*Problem*
Return the line that has "a bedroom with" and all lines below it through the last, exactly as they stand; omit pictures.

*Input data*
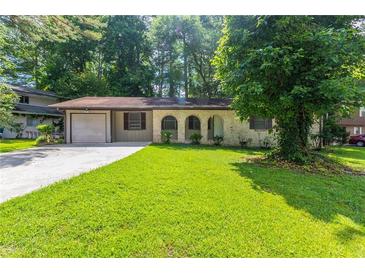 Charming single-story home with a well-maintained front yard and a driveway leading to an attached garage at 1105 Buckhurst Dr, Atlanta, GA 30349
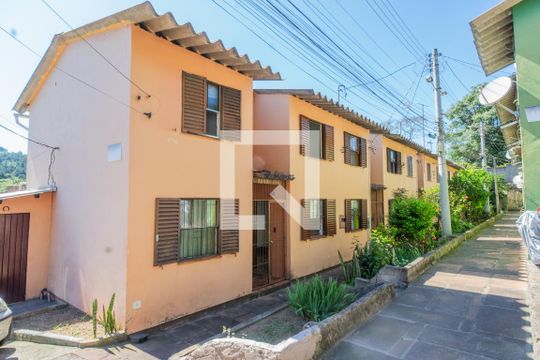 Fachada de casa de condomínio para alugar com 2 quartos, 70m² em Cavalhada, Porto Alegre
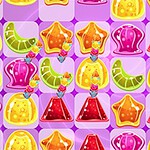 カラフルなゼリーやグミが格子状に並んでいる紫色の背景の画像。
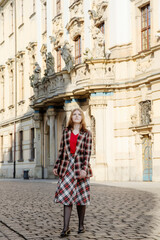 young beautiful woman in vintage suit in european city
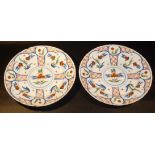 PAIR OF TIN GLAZED CIRCULAR PLATES PAINTED WITH RED AND BLUE FLORAL DECORATION, PROBABLY c18th (dia:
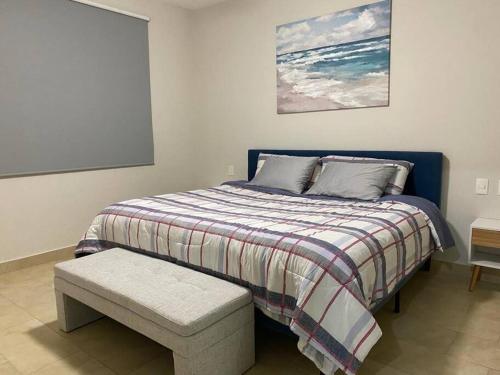 a bedroom with a bed with a bench and a painting at Beautiful apartment, Playa del Carmen, Jacuzzi in Playa del Carmen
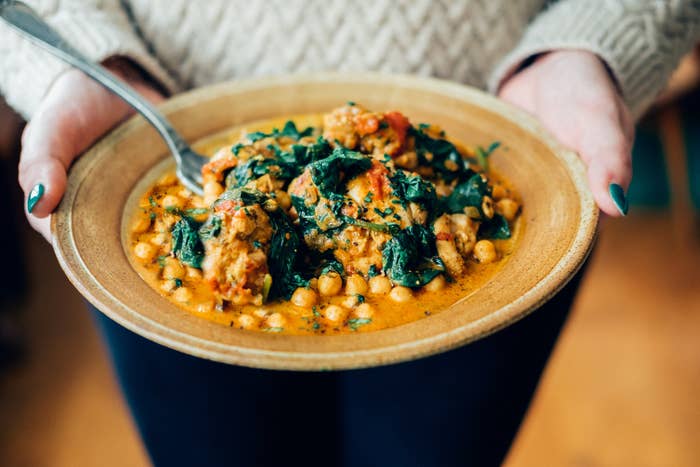 Hands holding a bowl of chickpea and spinach curry with tomatoes and spices.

*Task output*
 a bedroom with a bed with a bench and a painting at Beautiful apartment, Playa del Carmen, Jacuzzi in Playa del Carmen
 Hands holding a bowl of chickpea and spinach curry with tomatoes and spices.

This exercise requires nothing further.